Hello Anders, I certainly have not seen that behavior before, so I have pinged a few folks to see if they have any insight to provide. Which STM32MP1 board is this you are using, the Discovery Kit?

Hi, the board is a custom board with a Ka-Ro QSMP-1570 module.

The image is built on Yocto Thud.

Hi Anders, it turns out, this is actually the kernel detecting hung tasks as configured in Kconfig.debug « lib - kernel/git/torvalds/linux.git - Linux kernel source tree, so you might be able to build your image with that flag enabled in your kernel configuration or overridden in your recipe.

However, you might be best served investigating the source of the hangs, as that could cause issues later if they are not truly addressed. Hope that helps, thanks.

Hi, I understand that the problem is that one task is taking to much time, but from the dump I don’t understand which one to investigate.

Hi Anders, one method that may work to help narrow down the trouble could be to increase the hung kernel task time, and lower the amount that can be cached (thus making it faster to write the data) with the following:

sysctl -w kernel.hung_task_panic=300
sysctl -w vm.dirty_background_ratio = 5 
sysctl -w vm.dirty_ratio = 10

Hope that helps!

Hi,

The problem was that my new board is missing sd card detection pin on a empty sdcard socket. Balena is running from a eMMC instead.

I tried to fix this by delete the cd-gpios property in the device tree and tried with and without broken-cd instead, but that didn’t help.

I solved it temporary by changing cd-gpios from GPIO_ACTIVE_LOW to GPIO_ACTIVE_HIGH. But I don’t think it’s a solution and would prefer to activate pull-up bias on that pin instead as the pin is now floating.

So, how do I activate pull-up on that pin or is there a better way to solve it?
I can change the hardware in later rev. but I need this board until then.

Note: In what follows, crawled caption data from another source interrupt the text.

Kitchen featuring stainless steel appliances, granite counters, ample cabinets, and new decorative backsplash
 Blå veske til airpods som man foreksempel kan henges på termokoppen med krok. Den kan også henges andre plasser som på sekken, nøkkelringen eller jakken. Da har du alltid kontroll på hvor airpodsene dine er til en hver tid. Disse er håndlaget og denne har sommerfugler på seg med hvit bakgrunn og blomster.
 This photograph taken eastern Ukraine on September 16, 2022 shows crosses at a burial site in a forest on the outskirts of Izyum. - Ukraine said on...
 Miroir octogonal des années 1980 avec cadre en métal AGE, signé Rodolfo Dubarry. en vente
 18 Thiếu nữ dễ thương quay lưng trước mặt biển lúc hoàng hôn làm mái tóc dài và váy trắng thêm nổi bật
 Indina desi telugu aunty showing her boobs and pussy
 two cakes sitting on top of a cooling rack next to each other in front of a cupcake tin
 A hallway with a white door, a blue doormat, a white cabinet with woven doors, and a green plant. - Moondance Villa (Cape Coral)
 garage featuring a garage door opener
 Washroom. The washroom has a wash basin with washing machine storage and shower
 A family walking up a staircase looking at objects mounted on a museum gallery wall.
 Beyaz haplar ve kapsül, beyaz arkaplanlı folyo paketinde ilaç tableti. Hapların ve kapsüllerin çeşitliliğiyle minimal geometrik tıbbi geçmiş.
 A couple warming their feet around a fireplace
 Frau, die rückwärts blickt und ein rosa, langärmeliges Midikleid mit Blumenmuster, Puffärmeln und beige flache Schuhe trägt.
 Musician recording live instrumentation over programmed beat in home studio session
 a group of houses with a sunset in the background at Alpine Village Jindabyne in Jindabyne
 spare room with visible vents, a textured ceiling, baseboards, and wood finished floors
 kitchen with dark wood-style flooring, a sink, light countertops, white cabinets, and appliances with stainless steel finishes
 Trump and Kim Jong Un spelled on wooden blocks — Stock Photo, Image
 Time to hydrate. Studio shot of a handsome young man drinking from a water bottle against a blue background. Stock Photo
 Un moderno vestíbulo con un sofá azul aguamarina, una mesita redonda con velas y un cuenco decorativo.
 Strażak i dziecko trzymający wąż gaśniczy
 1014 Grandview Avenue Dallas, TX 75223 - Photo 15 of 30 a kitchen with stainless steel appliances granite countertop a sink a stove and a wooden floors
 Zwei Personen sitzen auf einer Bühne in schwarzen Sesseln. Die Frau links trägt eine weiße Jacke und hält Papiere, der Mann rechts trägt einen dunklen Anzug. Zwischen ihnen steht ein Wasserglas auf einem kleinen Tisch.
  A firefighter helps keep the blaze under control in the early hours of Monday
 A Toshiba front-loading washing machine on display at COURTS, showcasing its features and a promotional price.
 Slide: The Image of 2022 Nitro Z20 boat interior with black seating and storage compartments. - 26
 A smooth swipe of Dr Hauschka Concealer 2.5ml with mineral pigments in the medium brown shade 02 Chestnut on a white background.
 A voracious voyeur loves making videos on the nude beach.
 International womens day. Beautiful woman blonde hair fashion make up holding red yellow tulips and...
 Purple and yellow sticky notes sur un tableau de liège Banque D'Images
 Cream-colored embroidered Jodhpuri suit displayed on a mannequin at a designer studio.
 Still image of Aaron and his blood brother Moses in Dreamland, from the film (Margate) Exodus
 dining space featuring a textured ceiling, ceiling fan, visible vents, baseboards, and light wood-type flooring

The section look like this:

&sdmmc1 {
arm,primecell-periphid = <0x10153180>;
pinctrl-names = “default”, “opendrain”, “sleep”;
pinctrl-0 = <&sdmmc1_pins_mx>;
pinctrl-1 = <&sdmmc1_pins_opendrain_mx>;
pinctrl-2 = <&sdmmc1_pins_sleep_mx>;
bus-width = <4>;
vmmc-supply = <&reg_3v3>;
cd-gpios = <&gpiob 7 GPIO_ACTIVE_LOW>;
no-1-8-v;
st,neg-edge;
status = “okay”;
};

Hi, glad to learn you have found the root cause of the problems. The broken-cd attribute is what is usually used to inform the kernel that there is no card detection and polling should be used. It’s strange that this is not working in your case.
To answer your question, the IOMUX pad settings are usually configured from the iomux device tree entries, which in your case are the sdmmc1_pins_mx, sdmmc1_pins_opendrain_mx and sdmmc1_pins_sleep_mx for the different CPU states.

Now that it seems your BalenaOS porting is nearly finished, what are your long term plans for this board? A custom OS will not be able to use all the features of balenaCloud, so let us know if you are thinking about adding this board to balenaCloud so it appears in your dashboard. Basically you could add the board as a community supported board (see Device Types and Versioning - Balena Documentation) and we would work with you in preparing a repository under the balena-os github organization where you could PR your changes.

Hello. Just wanted to ping and see how this is going? Our OS’s team would be happy to work with you to turn this into a community supported board.